*** Opening Source material ***
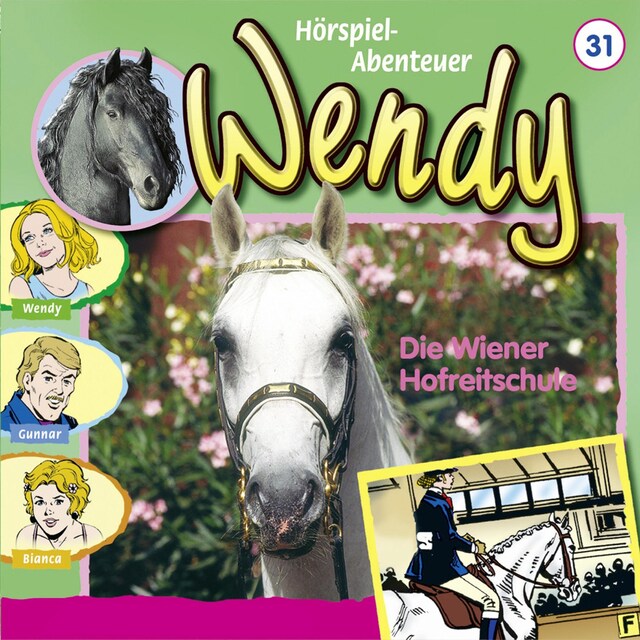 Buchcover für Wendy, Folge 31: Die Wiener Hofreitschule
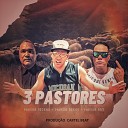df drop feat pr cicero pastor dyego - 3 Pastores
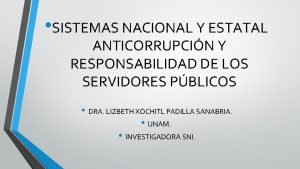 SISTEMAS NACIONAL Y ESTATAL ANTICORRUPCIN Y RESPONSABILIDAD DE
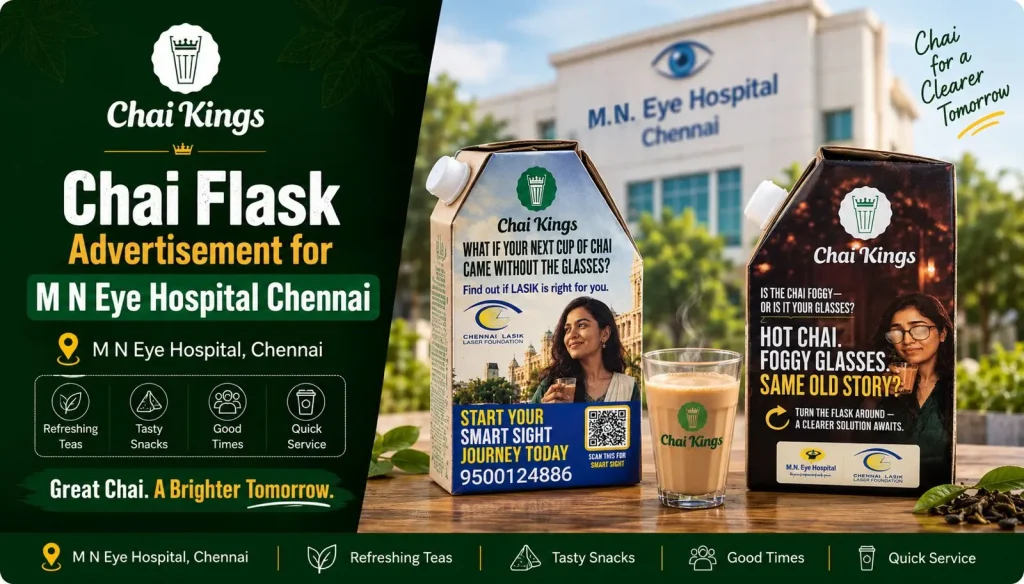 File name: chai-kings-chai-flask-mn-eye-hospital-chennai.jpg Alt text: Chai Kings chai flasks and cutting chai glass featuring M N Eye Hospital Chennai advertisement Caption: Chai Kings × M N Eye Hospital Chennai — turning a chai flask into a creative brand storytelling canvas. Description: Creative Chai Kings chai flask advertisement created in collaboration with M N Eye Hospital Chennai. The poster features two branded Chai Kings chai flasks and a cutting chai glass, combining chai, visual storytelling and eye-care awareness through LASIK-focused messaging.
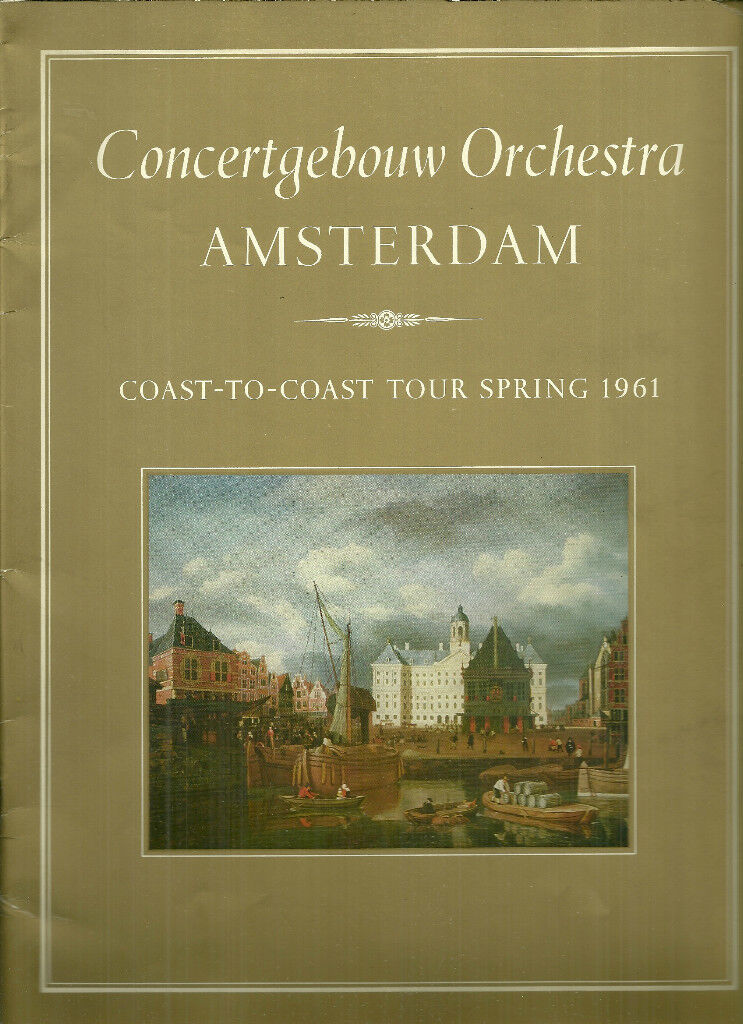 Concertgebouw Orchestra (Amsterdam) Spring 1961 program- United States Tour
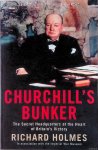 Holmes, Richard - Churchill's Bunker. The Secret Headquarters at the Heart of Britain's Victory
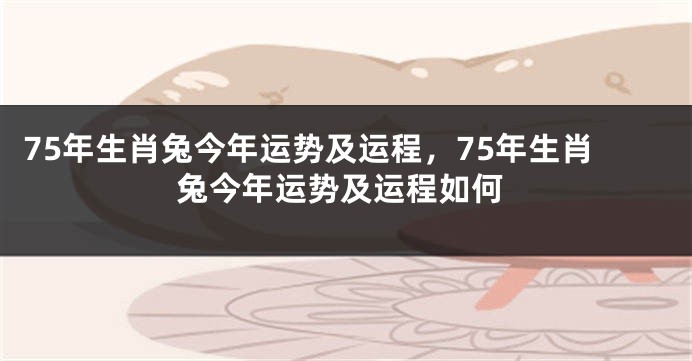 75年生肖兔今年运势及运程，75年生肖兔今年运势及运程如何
*** Closing Source material ***
■ **Problem to work on**
Only exact copies are wanted here. Write out the lines from the one containing "df drop feat" through the end of the material and no others, omitting all pictures.

■ **Exercise solution**
df drop feat pr cicero pastor dyego - 3 Pastores
 SISTEMAS NACIONAL Y ESTATAL ANTICORRUPCIN Y RESPONSABILIDAD DE
 File name: chai-kings-chai-flask-mn-eye-hospital-chennai.jpg Alt text: Chai Kings chai flasks and cutting chai glass featuring M N Eye Hospital Chennai advertisement Caption: Chai Kings × M N Eye Hospital Chennai — turning a chai flask into a creative brand storytelling canvas. Description: Creative Chai Kings chai flask advertisement created in collaboration with M N Eye Hospital Chennai. The poster features two branded Chai Kings chai flasks and a cutting chai glass, combining chai, visual storytelling and eye-care awareness through LASIK-focused messaging.
 Concertgebouw Orchestra (Amsterdam) Spring 1961 program- United States Tour
 Holmes, Richard - Churchill's Bunker. The Secret Headquarters at the Heart of Britain's Victory
 75年生肖兔今年运势及运程，75年生肖兔今年运势及运程如何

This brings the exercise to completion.